[RECORDS — start]
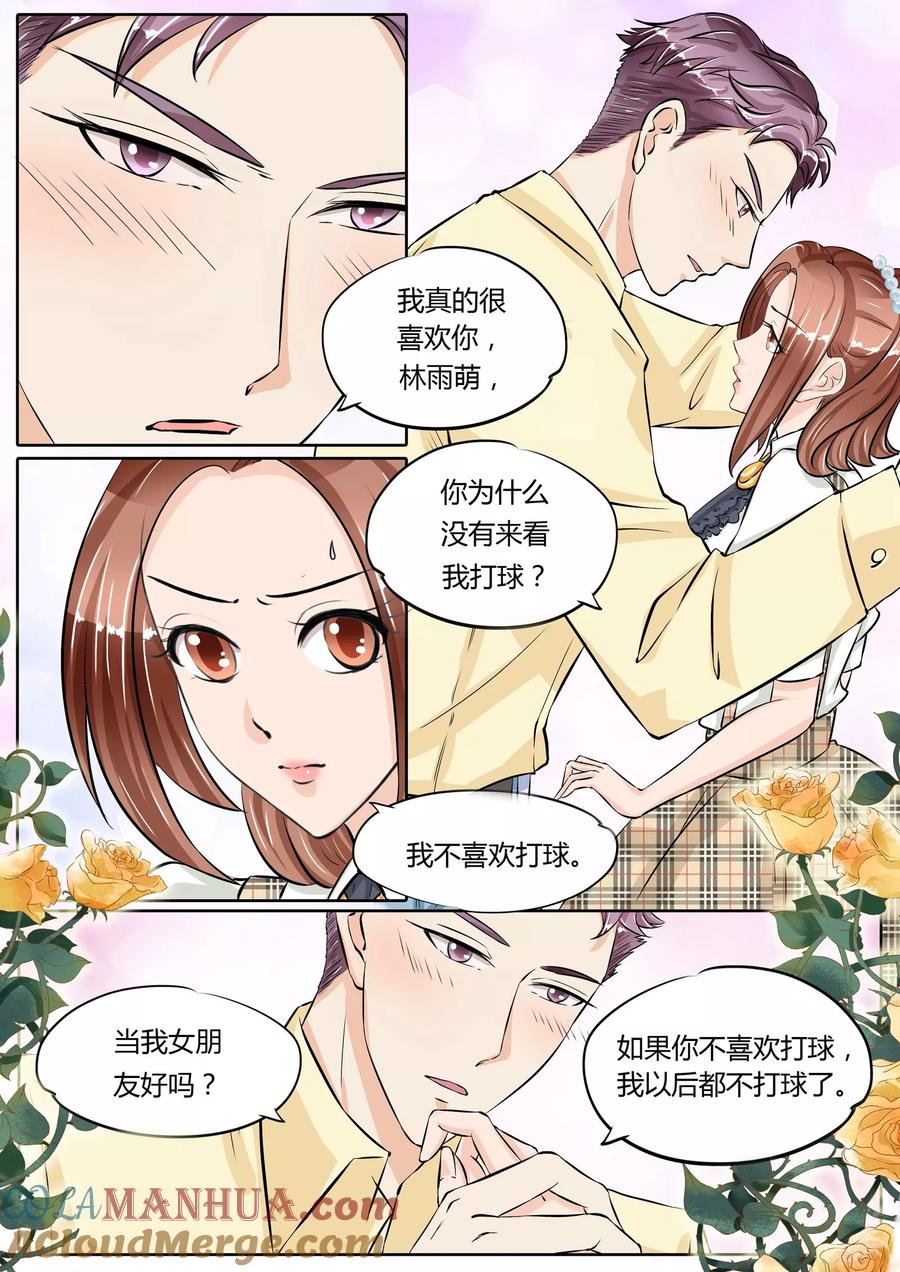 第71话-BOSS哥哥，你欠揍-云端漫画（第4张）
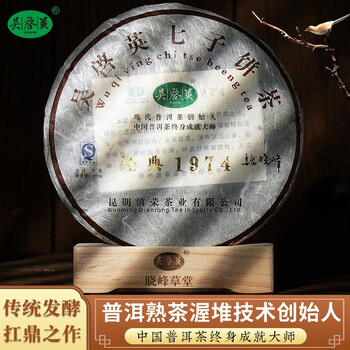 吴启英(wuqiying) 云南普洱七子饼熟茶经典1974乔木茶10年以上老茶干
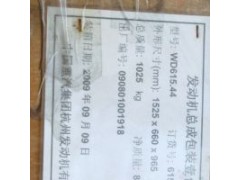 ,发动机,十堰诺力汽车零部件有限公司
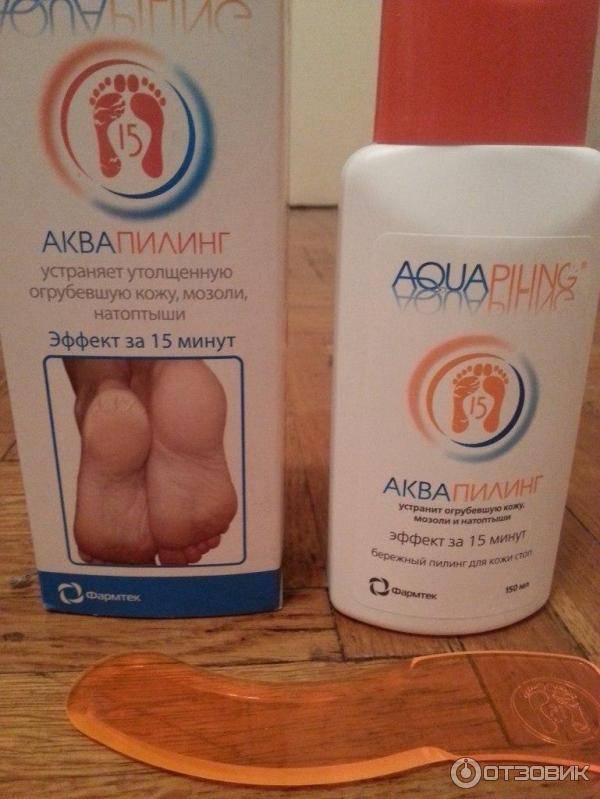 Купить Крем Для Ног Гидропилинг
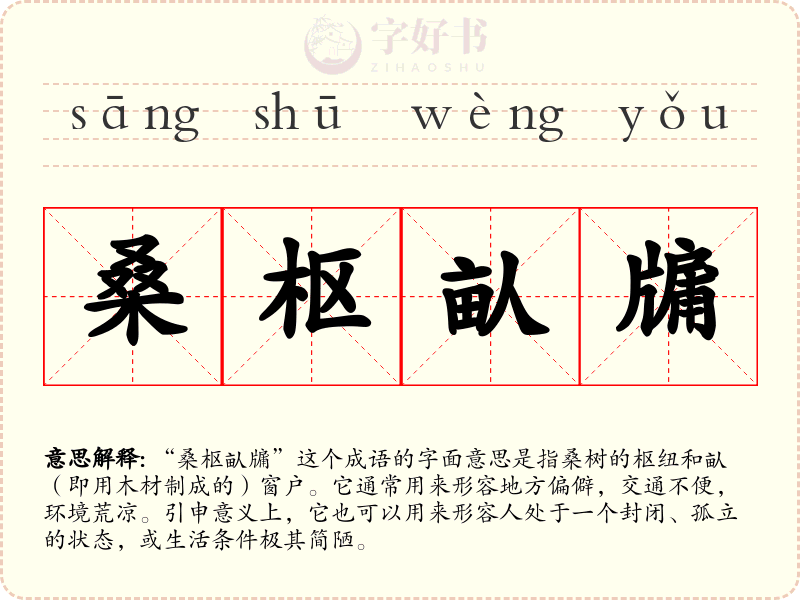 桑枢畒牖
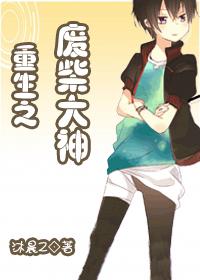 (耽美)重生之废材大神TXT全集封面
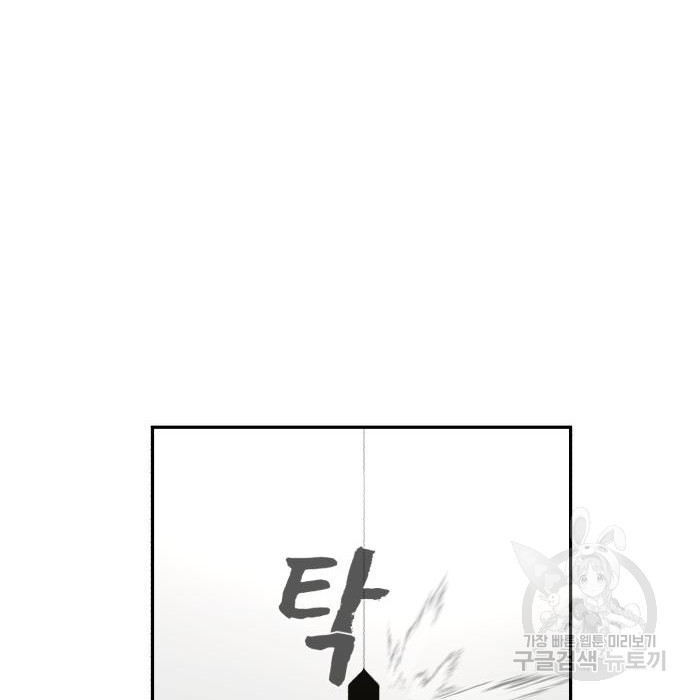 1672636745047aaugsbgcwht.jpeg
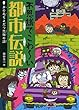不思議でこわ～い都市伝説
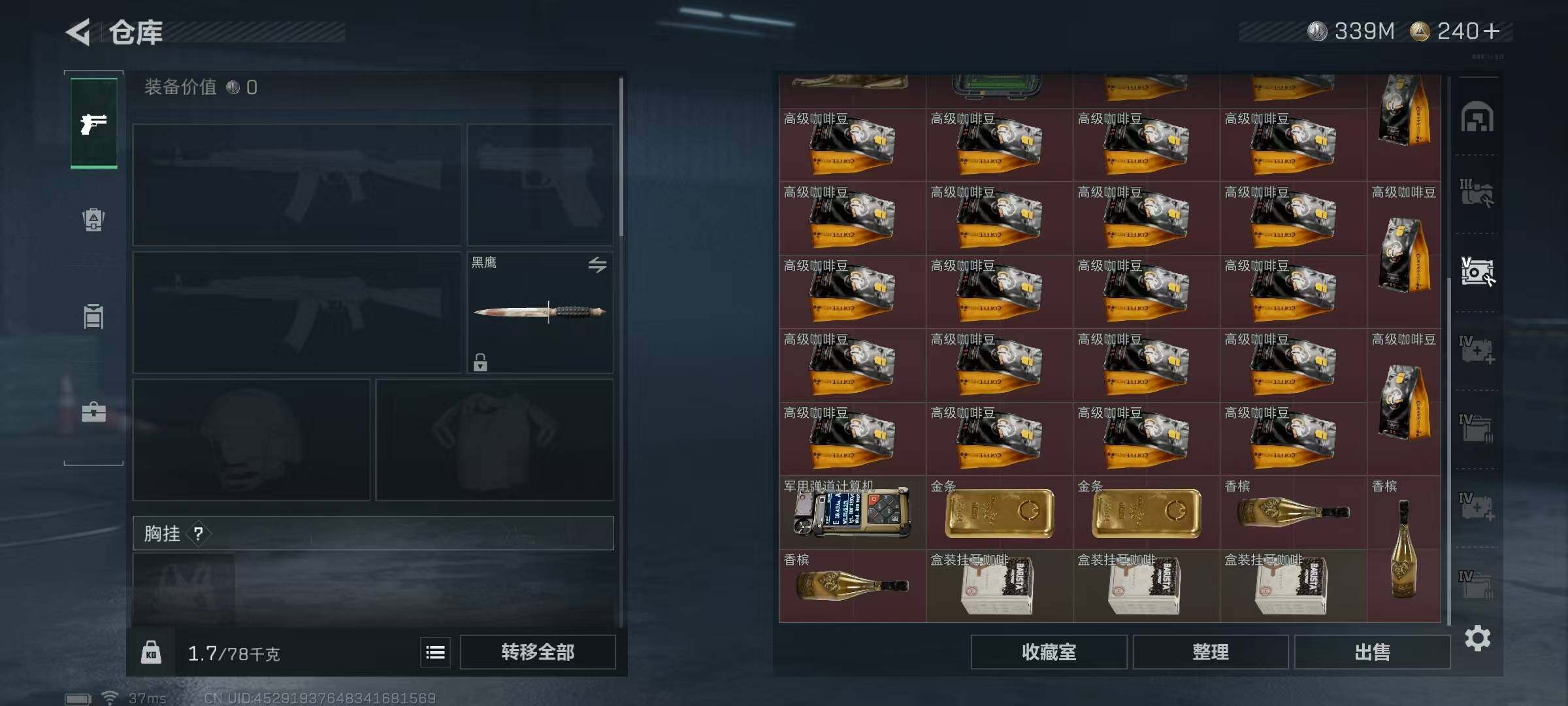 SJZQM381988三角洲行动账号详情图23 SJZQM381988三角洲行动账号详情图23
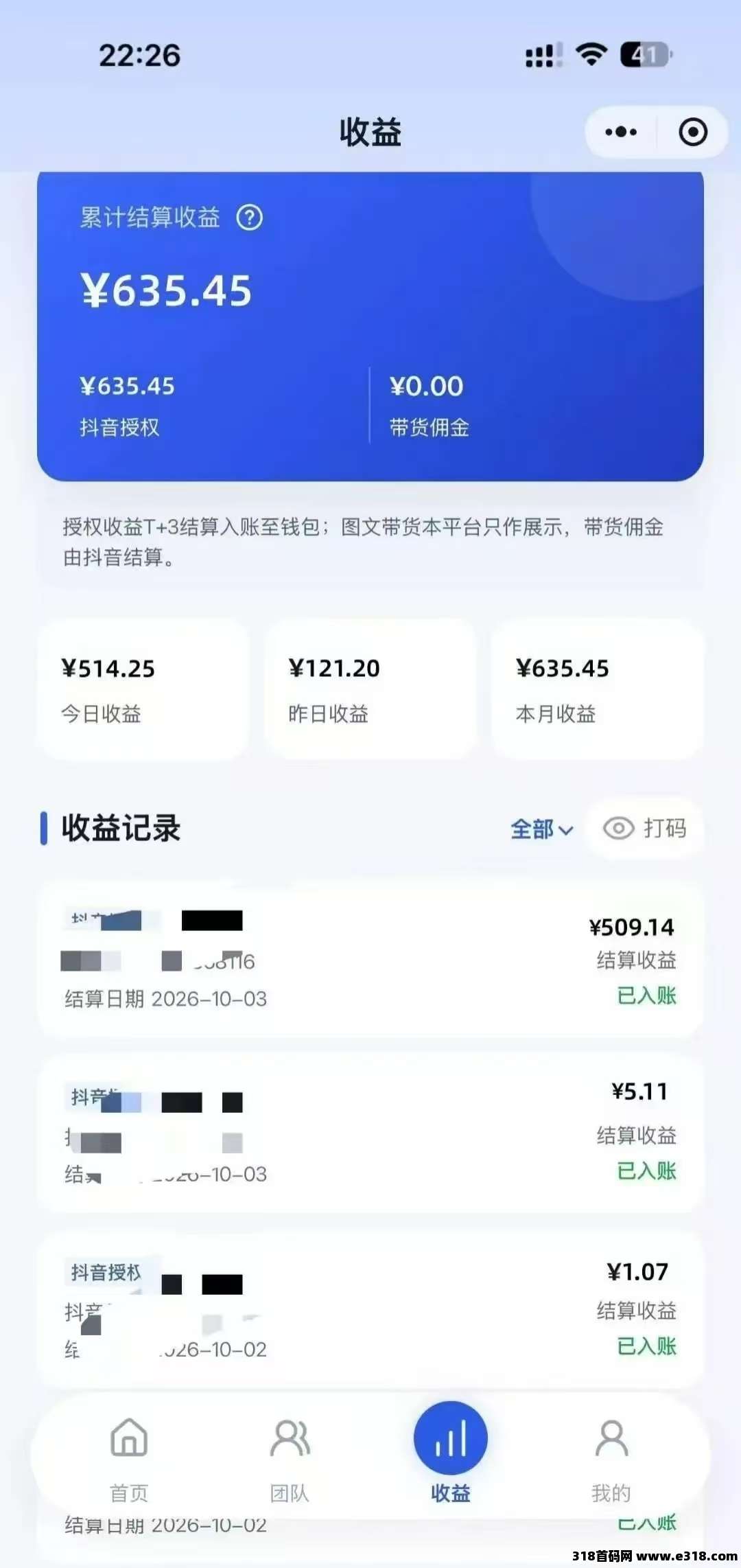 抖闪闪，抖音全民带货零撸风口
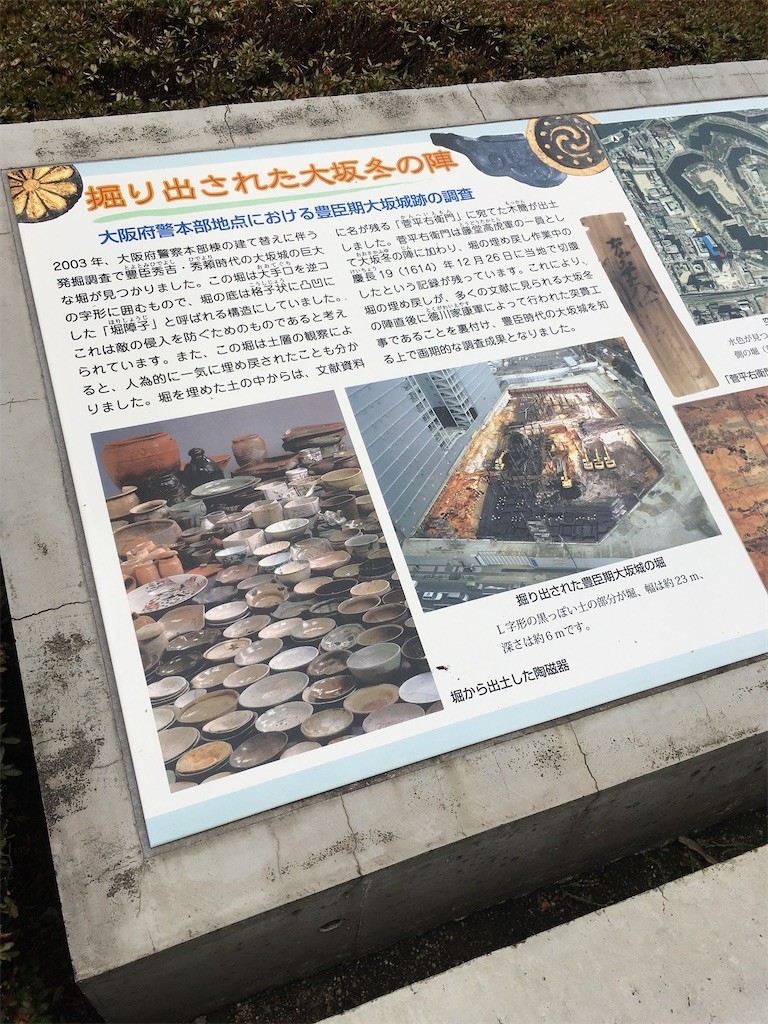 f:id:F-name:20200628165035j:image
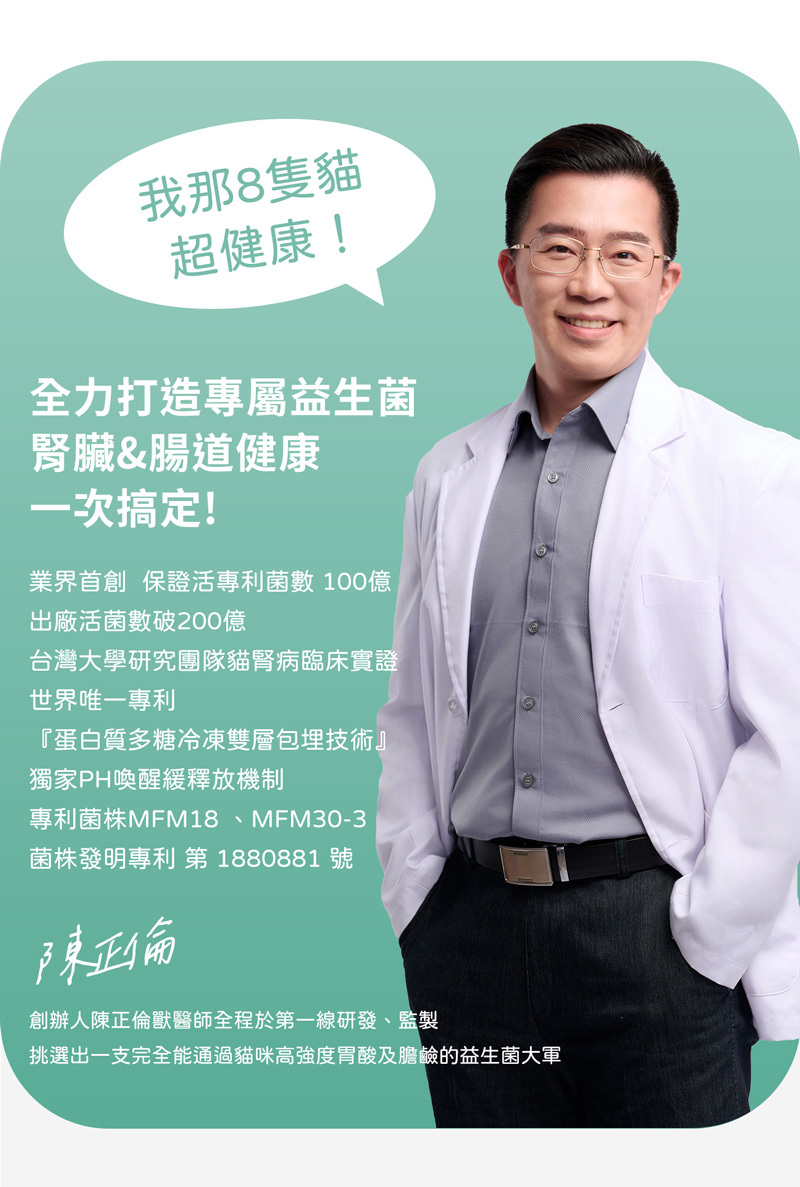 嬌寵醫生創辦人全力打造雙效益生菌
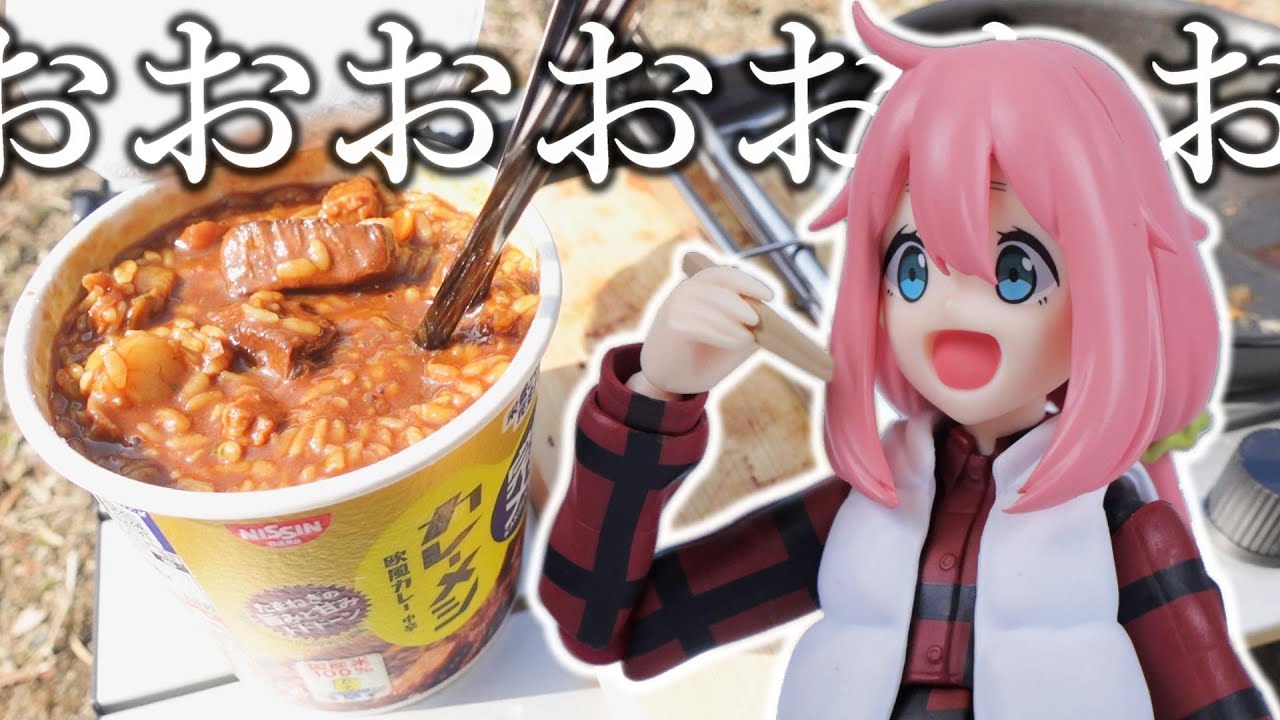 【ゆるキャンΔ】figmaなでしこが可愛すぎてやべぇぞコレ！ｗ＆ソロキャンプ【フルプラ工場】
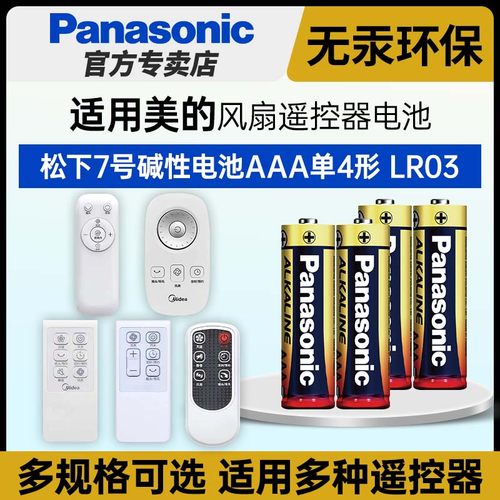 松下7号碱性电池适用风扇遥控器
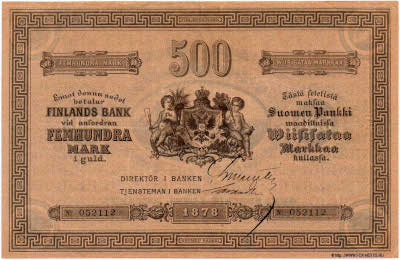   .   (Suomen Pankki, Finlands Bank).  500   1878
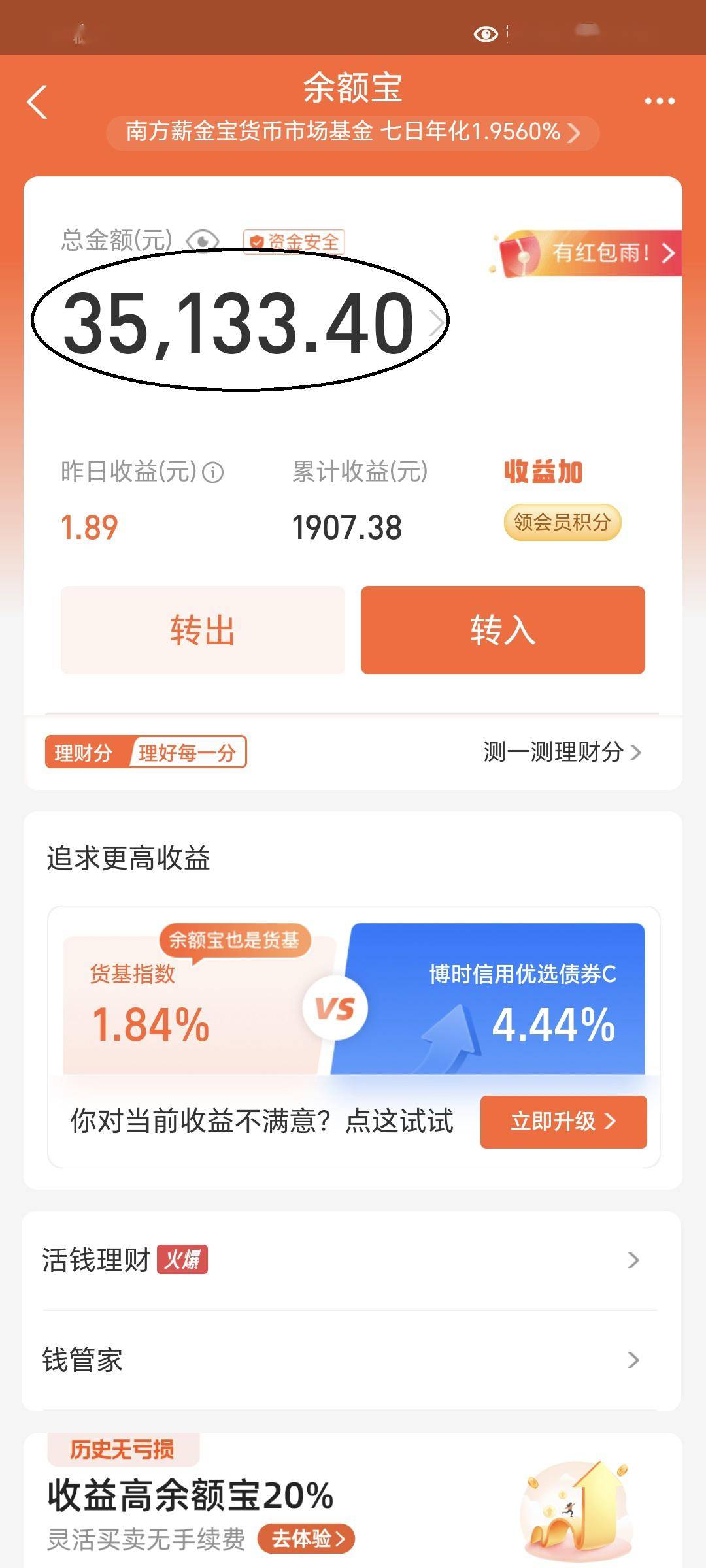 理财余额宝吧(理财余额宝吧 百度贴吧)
[RECORDS — finish]
### EXERCISE GOAL
Drop the images and transcribe the entries above exactly.

### RESULT FOR THIS TASK
 第71话-BOSS哥哥，你欠揍-云端漫画（第4张）
 吴启英(wuqiying) 云南普洱七子饼熟茶经典1974乔木茶10年以上老茶干
 ,发动机,十堰诺力汽车零部件有限公司
 Купить Крем Для Ног Гидропилинг
 桑枢畒牖
 (耽美)重生之废材大神TXT全集封面
 1672636745047aaugsbgcwht.jpeg
不思議でこわ～い都市伝説
 SJZQM381988三角洲行动账号详情图23 SJZQM381988三角洲行动账号详情图23
 抖闪闪，抖音全民带货零撸风口
 f:id:F-name:20200628165035j:image
 嬌寵醫生創辦人全力打造雙效益生菌
 【ゆるキャンΔ】figmaなでしこが可愛すぎてやべぇぞコレ！ｗ＆ソロキャンプ【フルプラ工場】
 松下7号碱性电池适用风扇遥控器
   .   (Suomen Pankki, Finlands Bank).  500   1878
 理财余额宝吧(理财余额宝吧 百度贴吧)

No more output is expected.